On the other hand I have a few practical tips as I have felt like you and know that it spreads a gloomy glumness over life.

  1. with DP look ahead and plan a weekend away, Travelodge have offers all the time. If you are a bit more flush go to Center Parcs or a nice cottage. Book it now
  2. again with DP plan a night out leading up to and again over Christmas. You will roll your eyes and say but Im too tired, just get ready and make yourself feel good however that works for you. (used to be the full on glam slap when I was party girl but now wearing my fave outfit and jewellery is enough)
  3. take some iron, I have Spatone daily. GP says I'm not anaemic but it has helped no end. Also get a good multivitamin and Co Enzyme Q10. They helped me after I had pleurisy and pneumonia 3 times in one year
  4. every day have a nap, if only for 5 mins
  5. again every day a treat, your fave cuppa or cake
  6. in a great fan of mindfulness, it just brings a window of calm into your day Be nice to yourself, you are doing a lot, say to yourself I am a strong and capable woman every day, it fed odd at first but really helps. Sorry for the saga, I have only in middle age found a way of coping with this exhausted feeling and want to help Grin Blesssings EM On IPhone so excuse typos etc
larks35 · 26/11/2011 13:16

Sorry, I misunderstood in thinking you worked at the nursery your DS goes to! Broken nights and working days are very hard and I'm not at all surprised that you are exhausted. Can your DH cook and clear up on your working days so that you can just spend time with your DS? Also, I think your DH needs to step up at weekends too tbh. I'm sure we'd all love to rest all weekend but that don't happen when you're a parent! Either take it in turns (DP is swimming with DS atm) or do something all together, walks in the park are more enjoyable that way. It does sound like a lot of the responsibility for DS is on you, do you and DH take turns at having lie-ins at weekend?
I have only coped with juggling work and parenthood with expecting and (usually) getting more help from DP.

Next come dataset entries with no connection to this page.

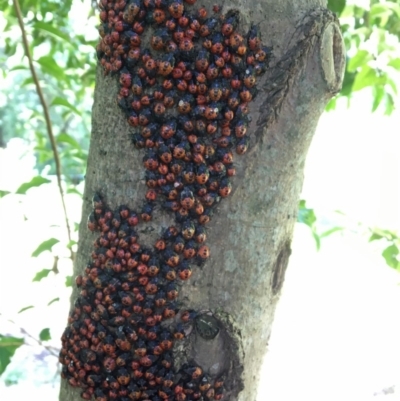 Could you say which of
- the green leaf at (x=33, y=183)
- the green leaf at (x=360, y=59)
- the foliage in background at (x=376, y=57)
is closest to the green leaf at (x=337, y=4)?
the foliage in background at (x=376, y=57)

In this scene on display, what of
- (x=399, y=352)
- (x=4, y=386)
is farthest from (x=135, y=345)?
(x=399, y=352)

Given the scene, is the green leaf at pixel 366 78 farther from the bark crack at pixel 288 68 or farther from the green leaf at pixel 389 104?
the bark crack at pixel 288 68

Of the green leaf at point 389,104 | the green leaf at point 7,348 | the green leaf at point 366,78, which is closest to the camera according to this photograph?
the green leaf at point 7,348

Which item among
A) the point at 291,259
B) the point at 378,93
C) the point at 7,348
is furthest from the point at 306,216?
the point at 291,259

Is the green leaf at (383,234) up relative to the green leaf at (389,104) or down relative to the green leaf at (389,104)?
down

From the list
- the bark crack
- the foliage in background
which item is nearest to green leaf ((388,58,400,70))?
the foliage in background

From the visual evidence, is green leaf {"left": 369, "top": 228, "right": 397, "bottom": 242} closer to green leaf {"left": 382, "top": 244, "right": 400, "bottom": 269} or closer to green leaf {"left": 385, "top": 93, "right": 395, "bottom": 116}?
green leaf {"left": 382, "top": 244, "right": 400, "bottom": 269} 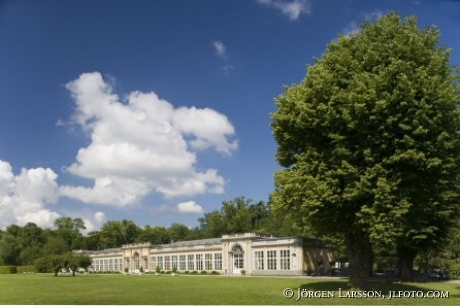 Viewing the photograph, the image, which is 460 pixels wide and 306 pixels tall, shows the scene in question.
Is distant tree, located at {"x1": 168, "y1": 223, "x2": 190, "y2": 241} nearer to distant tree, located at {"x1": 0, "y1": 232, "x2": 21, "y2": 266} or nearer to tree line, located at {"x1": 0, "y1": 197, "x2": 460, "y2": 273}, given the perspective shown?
tree line, located at {"x1": 0, "y1": 197, "x2": 460, "y2": 273}

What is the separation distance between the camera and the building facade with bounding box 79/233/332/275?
58.4 meters

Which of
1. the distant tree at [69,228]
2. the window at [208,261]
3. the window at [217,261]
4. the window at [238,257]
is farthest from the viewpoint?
the distant tree at [69,228]

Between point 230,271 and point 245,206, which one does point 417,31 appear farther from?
point 245,206

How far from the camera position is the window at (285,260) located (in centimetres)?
5862

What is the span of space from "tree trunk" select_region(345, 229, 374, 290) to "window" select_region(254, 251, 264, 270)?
38.0m

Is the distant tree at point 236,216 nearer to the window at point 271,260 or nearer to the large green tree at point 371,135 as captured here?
the window at point 271,260

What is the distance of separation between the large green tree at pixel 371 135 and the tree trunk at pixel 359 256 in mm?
51

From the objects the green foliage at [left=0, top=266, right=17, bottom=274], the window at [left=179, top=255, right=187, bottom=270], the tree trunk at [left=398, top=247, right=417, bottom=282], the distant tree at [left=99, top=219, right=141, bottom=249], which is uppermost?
the distant tree at [left=99, top=219, right=141, bottom=249]

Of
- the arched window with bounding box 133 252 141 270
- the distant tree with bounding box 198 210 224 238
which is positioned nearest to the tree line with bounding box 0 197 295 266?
the distant tree with bounding box 198 210 224 238

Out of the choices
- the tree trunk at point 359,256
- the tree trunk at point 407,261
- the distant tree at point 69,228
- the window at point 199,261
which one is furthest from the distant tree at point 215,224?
the tree trunk at point 359,256

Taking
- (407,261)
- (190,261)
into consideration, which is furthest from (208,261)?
(407,261)

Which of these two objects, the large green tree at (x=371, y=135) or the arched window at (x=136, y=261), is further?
the arched window at (x=136, y=261)

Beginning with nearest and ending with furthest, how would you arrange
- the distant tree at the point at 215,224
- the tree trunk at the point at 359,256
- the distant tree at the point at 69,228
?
the tree trunk at the point at 359,256 < the distant tree at the point at 215,224 < the distant tree at the point at 69,228

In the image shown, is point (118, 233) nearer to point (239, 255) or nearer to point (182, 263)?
point (182, 263) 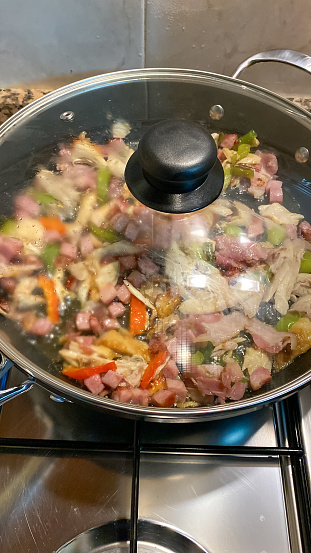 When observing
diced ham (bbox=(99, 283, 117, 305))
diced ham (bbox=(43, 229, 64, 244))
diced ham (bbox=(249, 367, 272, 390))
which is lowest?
diced ham (bbox=(249, 367, 272, 390))

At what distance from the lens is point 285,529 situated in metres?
0.95

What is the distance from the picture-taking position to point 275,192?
3.36 feet

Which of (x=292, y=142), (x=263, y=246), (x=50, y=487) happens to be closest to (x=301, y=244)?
(x=263, y=246)

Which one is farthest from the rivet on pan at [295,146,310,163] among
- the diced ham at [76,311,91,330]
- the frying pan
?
the diced ham at [76,311,91,330]

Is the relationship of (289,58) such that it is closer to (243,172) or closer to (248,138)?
(248,138)

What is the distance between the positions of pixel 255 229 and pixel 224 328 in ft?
0.79

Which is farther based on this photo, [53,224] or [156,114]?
[156,114]

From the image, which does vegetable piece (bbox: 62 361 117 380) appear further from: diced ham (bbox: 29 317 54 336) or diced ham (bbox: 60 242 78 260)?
diced ham (bbox: 60 242 78 260)

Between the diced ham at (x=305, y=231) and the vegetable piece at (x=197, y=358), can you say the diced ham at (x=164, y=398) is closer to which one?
the vegetable piece at (x=197, y=358)

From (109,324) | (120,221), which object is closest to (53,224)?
(120,221)

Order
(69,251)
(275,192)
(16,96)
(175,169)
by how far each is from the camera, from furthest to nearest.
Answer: (16,96) → (275,192) → (69,251) → (175,169)

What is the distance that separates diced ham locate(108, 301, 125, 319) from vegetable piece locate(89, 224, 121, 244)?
0.14 m

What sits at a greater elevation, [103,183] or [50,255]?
[103,183]

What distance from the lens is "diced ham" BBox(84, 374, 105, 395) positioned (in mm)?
828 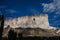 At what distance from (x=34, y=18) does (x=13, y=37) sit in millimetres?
10572

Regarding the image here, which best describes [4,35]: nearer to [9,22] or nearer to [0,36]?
[0,36]

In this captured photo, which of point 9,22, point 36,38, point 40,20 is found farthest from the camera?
point 9,22

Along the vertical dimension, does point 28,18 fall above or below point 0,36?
above

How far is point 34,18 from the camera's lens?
2080cm

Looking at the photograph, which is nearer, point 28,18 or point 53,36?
point 53,36

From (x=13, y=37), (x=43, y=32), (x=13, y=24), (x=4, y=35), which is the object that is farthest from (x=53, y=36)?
(x=13, y=24)

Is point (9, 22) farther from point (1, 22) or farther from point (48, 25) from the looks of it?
point (1, 22)

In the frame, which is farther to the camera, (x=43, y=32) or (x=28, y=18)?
(x=28, y=18)

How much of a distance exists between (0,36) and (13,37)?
0.99m

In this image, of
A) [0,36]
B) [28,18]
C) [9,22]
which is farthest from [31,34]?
[9,22]

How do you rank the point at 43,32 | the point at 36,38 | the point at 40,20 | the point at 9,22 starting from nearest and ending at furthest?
1. the point at 36,38
2. the point at 43,32
3. the point at 40,20
4. the point at 9,22

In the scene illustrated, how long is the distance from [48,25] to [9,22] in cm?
Answer: 453

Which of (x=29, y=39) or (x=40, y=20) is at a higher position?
(x=40, y=20)

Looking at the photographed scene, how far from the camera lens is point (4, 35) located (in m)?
Answer: 11.3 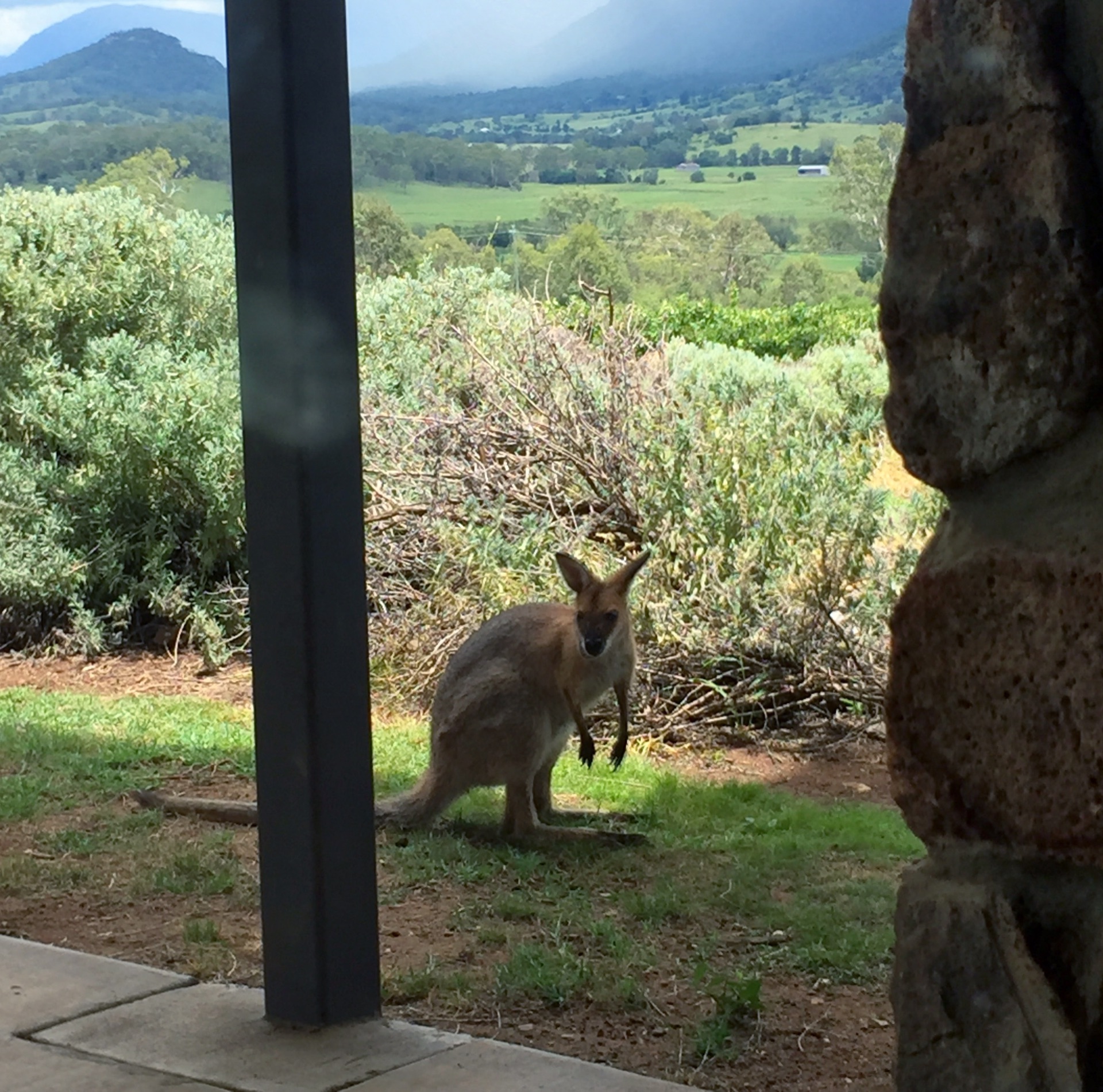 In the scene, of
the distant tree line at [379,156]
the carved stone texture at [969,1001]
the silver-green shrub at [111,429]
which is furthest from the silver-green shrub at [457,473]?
the carved stone texture at [969,1001]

ImperialBlether · 26/11/2011 13:20

Could you switch to a childminder? That would give your son a more natural rhythm to his day. He can still go to the shops, the library and the park and mix with other children, too. His day would seem less long, I think, too, if your husband could take him/pick him up.

It would be great if you could manage to pay for a cleaner on one of the days you are working. It would make things feel more manageable and you wouldn't feel as though you have to spend your valuable free time doing chores.